Columbus, which broke a losing streak to Norfolk last year that had extended back five years has now lost nine of the last 10 in the series.
The loss dropped the Discoverers to 0-6 while the Panthers put their first notch in the win column at 1-3.
“We’ll take 33 points any time. And really, we had a couple defensive breakdowns where you figure they score even less. We played match-up zone in the first quarter then went to man-to-man the rest of the game, and I thought the girls did a really nice job. Again, I thought most of our shots outside of a few, were good looks. They just didn’t go in,” coach Dave Licari said.
“Out of 38 shots, we had 36 pretty good looks at the basket.”
The first quarter saw Columbus start 0 for 9 and 0 for 4 from 3-point range. Norfolk wasn’t much better at 3 for 10, but the Panthers began to find some semblance of a rhythm midway through with two buckets, a putback and a make at the free throw line.
Jaleigh Adams-Tuls finally broke the Discoverer drought early in the second with an offensive rebound and a score.
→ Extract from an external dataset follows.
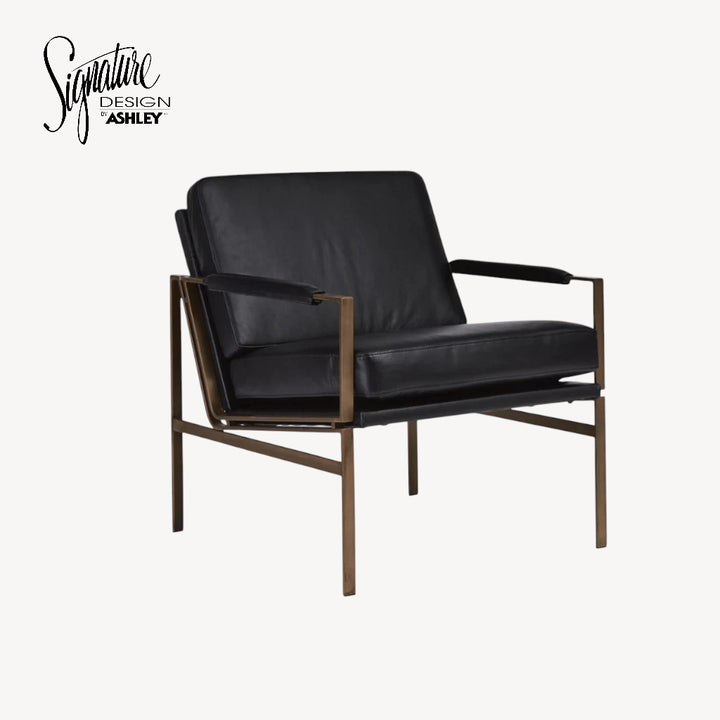 A3000192 Puckman Accent Chair - Black | Signature Design By Ashley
She added another basket in the paint on the next possession.
It wasn’t enough to keep up with a Norfolk squad that carried over late momentum from the first. That momentum was most noticeable from 3 where the Panthers went 3 for 7 in the quarter and opened up a 17-9 halftime lead.
Norfolk opened the second half with another make from the free throw line, Aspen Luebbe answered with the first Columbus make from beyond the arc, and scored again later after drawing a foul on an offensive rebound, but those five points were the only CHS points of the quarter.
The Discoverers trailed 25-14 heading into the fourth and managed just one more hoop on a 17 footer from Tayler Braun in the right corner.
Columbus finished 5 for 38 from the floor and 1 for 19 from distance.
“To me, they should be (shooting with confidence),” Licari said. “The way we shoot in practices in shooting drills and live action, I would think they’d have confidence.
“The girls taking the shots, I don’t think they’re taking the shots hoping they go in. They’re taking them believing they’ll go in.”
Thus, despite half the attempts coming from 3-point range, Licari is OK with the shot selection, even if practice makes haven’t yet translated into game success.
“I don’t mind the number of 3s we took. If we’re wide open on a 3, fine. The only thing there is, when we have a girl posted up and we’re looking right at her, we’ve got to get that ball inside,” Licari said. “If you’re on the wing and you can see her jersey, you’ve got to get it in there.
“Even if we don’t shoot it, they’re going to cover down and we’ll be able to kick it out for an even better look in rhythm.”
Aspen Luebbe led Columbus with eight points while Adams-Tuls had 5.
“Honestly, I don’t know if it’s becoming better shooters. We are better shooters,” Licari said. “If you look at our statistics from last year, some of our girls who aren’t shooting it, have shot it better before.
“I don’t know if it’s becoming a better shooter, I think it’s just, see a couple go down.”